A relação entre línguas e economia pode ser considerada de vários ângulos, desde aquele que já referimos – a relevância da proximidade linguística (e também cultural) como facilitador dos negócios – mas também o valor das indústrias e setores que utilizam a língua (cinema, música, edição, jogos, teatro, comunicação, turismo, educação, tecnologias da informação) ou até a sua importância nos fluxos financeiros. O binómio línguas e economia não está muito distante da inovação, produção científica e presença nas redes, sendo que, neste último caso, mais do que o número de utilizadores, é determinante a produção de conteúdos.

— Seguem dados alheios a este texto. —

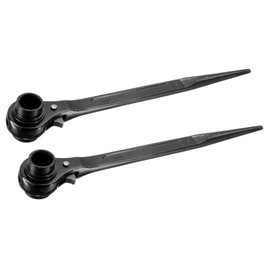 uxcell 22 x 24mm Hexagon Scaffold Podger Ratchet Spanner Ratcheting Socket Wrench Tool (Black) 2pcs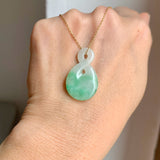 A-Grade Natural Moss On Snow Jadeite Eternity Knot No.8 Pendant No.172590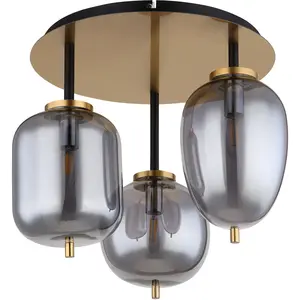 Globo Lighting Deckenleuchte Metall messingfarben matt, Glas rauchfarb...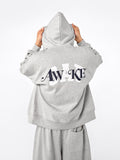 GAP AWAKE NY HEAVYWEIGHT OVERSIZED LOGO ZIP HOODIE - Sweat-shirt zippé - gris clair chiné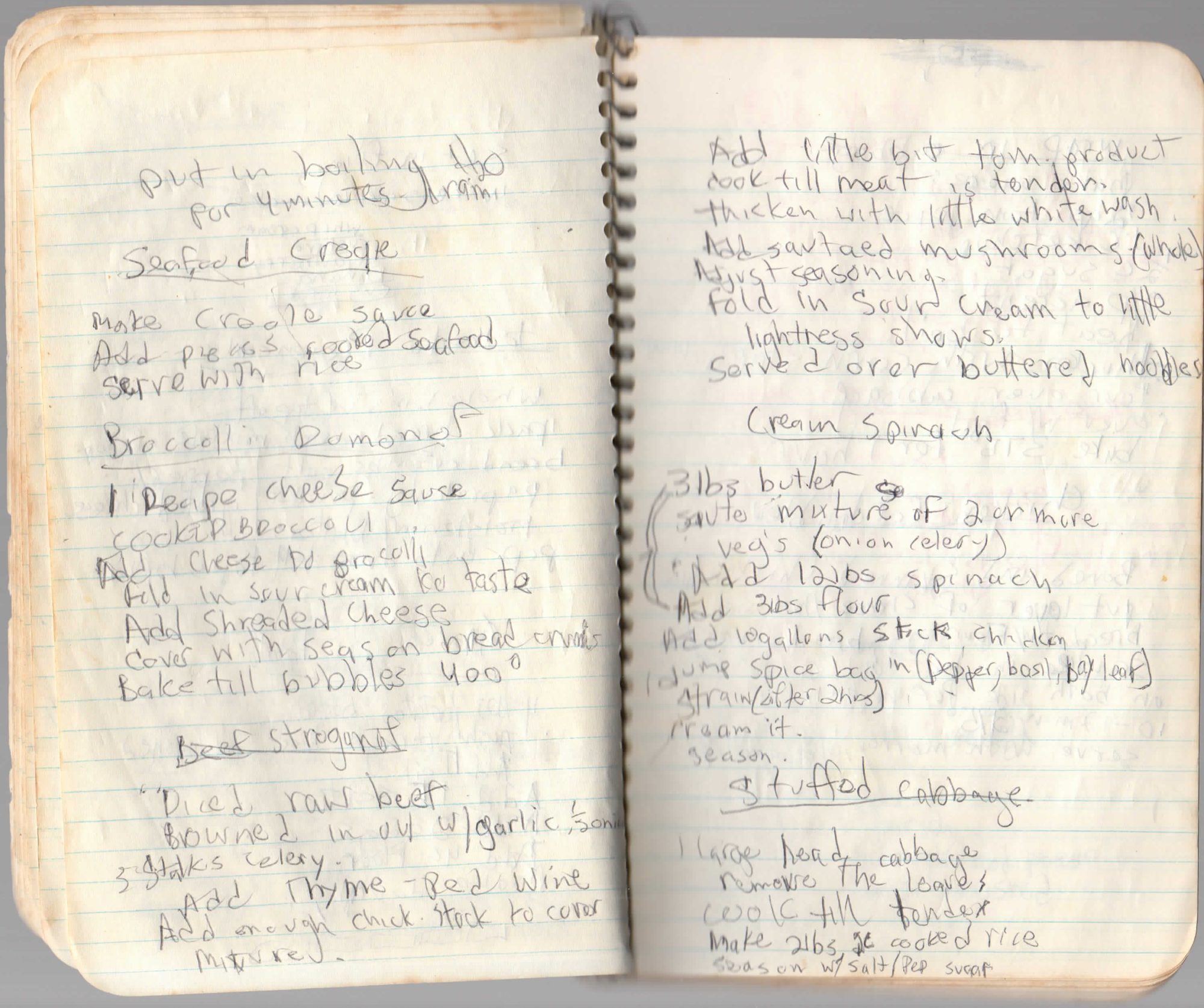 Handwritten notebook page 12, showing Beef Stroganoff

As línguas portuguesa e espanhola, sendo distintas, têm a grande força da sua proximidade e das regiões de fronteira em que as vidas se tocam. Depois de termos aprendido a viver sem fronteiras, elas voltaram a erguer-se por via de uma pandemia que ainda não sabemos como terminará. As fronteiras que hoje se abrem entre Portugal e Espanha são um sinal de esperança para os dois países, mas também para uma larga região ibero-americana que aprendeu a viver em conjunto. As duas línguas representam 800 milhões de falantes, mas também um mercado de consumidores à espera que a pandemia passe e as economias possam regressar ao novo normal e aos seus desafios.
Amanhã, dia 2 de julho, a Organização de Estados Ibero-Americanos para a Educação, a Ciência e a Cultura – OEI, em parceria com a CPLP, Camões, I.P. e Instituto Cervantes, promove um debate sobre os contributos das duas línguas – português e espanhol – na recuperação das economias em que participam além dos responsáveis institucionais, os especialistas que mencionámos: José Luís García Delgado e Luís Reto.
Sabemos a importância das relações entre os países ibero-americanos, entre os países lusófonos e também entre eles. Os desafios vão ser ainda maiores porque esta pandemia alertou para um futuro de que falávamos, mas ainda julgávamos longe: o salto tecnológico, as competências interpessoais, a sensibilidade cultural – tudo isto pode ajudar a ultrapassar o que a pandemia nos trouxe: mais pobreza e mais desigualdade.
Artigo publicado no jornal Diário de Notícias no dia 1 de julho de 2020.